Risk no 1 – it won’t sell and I will have lost sales for the space for something else
The biggest challenge for a buyer is choosing a product that is going to grow the category and provide exciting new opportunities for his/her customers. And as they don’t have elastic shelves, to sell more than the product that is already on the shelf. So how do you alleviate their fears and reassure them that this is the product for them?
- Show how your product has a unique difference to anything else on their shelves which is relevant and important to the retailers customers
- Demonstrate with examples from other retailers, online sales, markets how your products are selling well and how they have grown the overall category
- Build their confidence with your social media following that you have dedicated and loyal customers who will come in their direction
- Offer them a strong (but profitable) commercial deal with investment in marketing that will build success for the product
However please do NOT offer them sale or return or to pay for any waste.
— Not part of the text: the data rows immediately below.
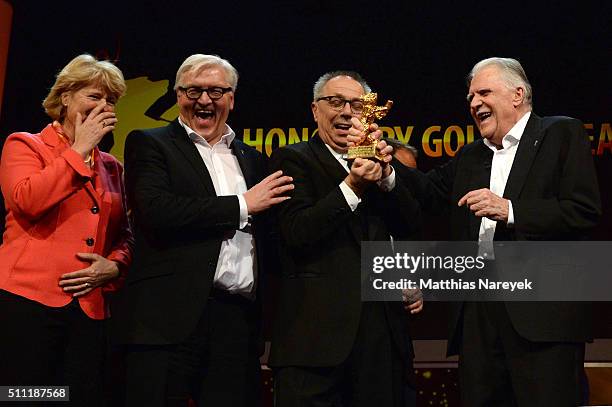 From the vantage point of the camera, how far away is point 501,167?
279 centimetres

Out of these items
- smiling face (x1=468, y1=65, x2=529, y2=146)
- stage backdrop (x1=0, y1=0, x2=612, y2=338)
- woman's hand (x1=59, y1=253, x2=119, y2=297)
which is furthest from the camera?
stage backdrop (x1=0, y1=0, x2=612, y2=338)

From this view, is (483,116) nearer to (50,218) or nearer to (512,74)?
(512,74)

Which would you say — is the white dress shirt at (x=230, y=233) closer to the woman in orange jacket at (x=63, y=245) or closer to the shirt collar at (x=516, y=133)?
the woman in orange jacket at (x=63, y=245)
I have clients who do this but it is potentially signing an open cheque. The buyer needs to have the confidence that the product will succeed. The only time I have agreed to pay for waste is when I had a short dated product that would be unsaleable unless I moved it through retail quickly
Risk no 2 – it does sell and they can’t keep up with demand
Success brings with it its own challenges. I remember the Brewdog guys talking about the problems that their listing in 400 Tesco stores gave them in terms of production and cashflow. So it important to work out what the business will mean:
- Capacity – can you meet the increased demand in your factory. Would you need to put on another shift, bring in additional people and even in some cases build another factory (it does happen!)
- Cashflow – retailers are a lot better at paying invoices and shortening settlement terms but lets just do the maths. You sell a product for £1 into 400 stores and it sells 20 per store per week – that that’s £8000 per week they owe you. Your first order will be big as well as you need to fill the shelves so assume additional 8 per store. With 30 days terms, you will supply 3200 for shelf fill plus 32000 units to restock. Assuming it costs you 50p to make you are looking at £17600 investment.
So know your business and its capabilities before you go to your retailer meeting – you may want to just take a few stores to enable you to understand their systems, minimize YOUR risk and to ensure that your listing is a long and happy one. Not one that just crashes and burns after a few weeks.